Notes by dr. Claudio Italiano

Hepatic lesions

The main hepatic lesions are objectified by the ultrasound examination of the abdomen. The cyst is unitoculated in 95% of cases, and multilocular in 5% of cases. The dimensions are variable, from a few mm up to some tens of cm. In 90% of cases the cyst is smaller than 5 cm.

They are divide into:

-Multiple decontogenetic cysts (often also renal and pancreatic).
-Simple bile cysts
It results from dilatation of the bile ducts. The frequency is close to 5% of the liver ultrasound examinations. In at least half of the cases are multiple and are associated with renal cysts in one in four cases. The volume varies from a few millimeters to over 10-20 centimeters. An important characteristic is that they never communicate with the biliary tract. The frequency is higher in women with a ratio of 2 to 1.
The largest cysts are observed mainly over the age of fifty.

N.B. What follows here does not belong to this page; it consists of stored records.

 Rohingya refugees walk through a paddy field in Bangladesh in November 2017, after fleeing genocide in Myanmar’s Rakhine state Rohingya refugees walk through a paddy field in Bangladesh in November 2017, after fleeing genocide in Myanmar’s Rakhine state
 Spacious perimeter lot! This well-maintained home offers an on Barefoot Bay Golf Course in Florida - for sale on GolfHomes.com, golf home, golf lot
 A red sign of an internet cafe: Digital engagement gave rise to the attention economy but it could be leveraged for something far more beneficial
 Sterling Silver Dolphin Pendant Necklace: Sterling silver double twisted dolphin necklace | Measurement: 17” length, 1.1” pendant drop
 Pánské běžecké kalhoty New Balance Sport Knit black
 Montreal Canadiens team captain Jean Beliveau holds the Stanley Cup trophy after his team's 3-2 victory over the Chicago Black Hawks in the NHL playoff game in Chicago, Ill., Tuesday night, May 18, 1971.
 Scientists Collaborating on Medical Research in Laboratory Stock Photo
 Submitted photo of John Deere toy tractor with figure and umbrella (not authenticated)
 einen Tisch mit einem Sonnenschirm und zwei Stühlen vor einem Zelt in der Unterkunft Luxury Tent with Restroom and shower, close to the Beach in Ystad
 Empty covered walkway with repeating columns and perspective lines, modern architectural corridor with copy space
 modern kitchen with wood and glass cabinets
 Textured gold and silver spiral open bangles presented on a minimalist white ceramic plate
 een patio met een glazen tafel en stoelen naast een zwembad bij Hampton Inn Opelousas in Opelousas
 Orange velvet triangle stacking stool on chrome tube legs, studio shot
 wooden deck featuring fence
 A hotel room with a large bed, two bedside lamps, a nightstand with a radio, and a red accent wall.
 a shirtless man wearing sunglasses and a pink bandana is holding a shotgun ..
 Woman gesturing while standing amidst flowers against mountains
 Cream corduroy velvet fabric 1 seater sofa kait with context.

A solitary hepatic cyst, which appears to be a round or oval lesion on the ultrasound, and with no recognizable wall.

hydatidosis, liver ultrasound

Hepatic abscess

Hepatic angioma, ultrasound

Polycystic disease

Polycystic disease is characterized by the development of multiple cysts that have a macroscopic, histological and echographic appearance identical to that of simple cysts. On the nosographic level, however, they are two separate entities. Simple cysts are not hereditary, they are not associated with renal cysts and are more common in women than in men. Polycystic disease, on the other hand, is inherited as an autosomal dominant trait, is associated with polycystic kidney disease and affects men and women equally.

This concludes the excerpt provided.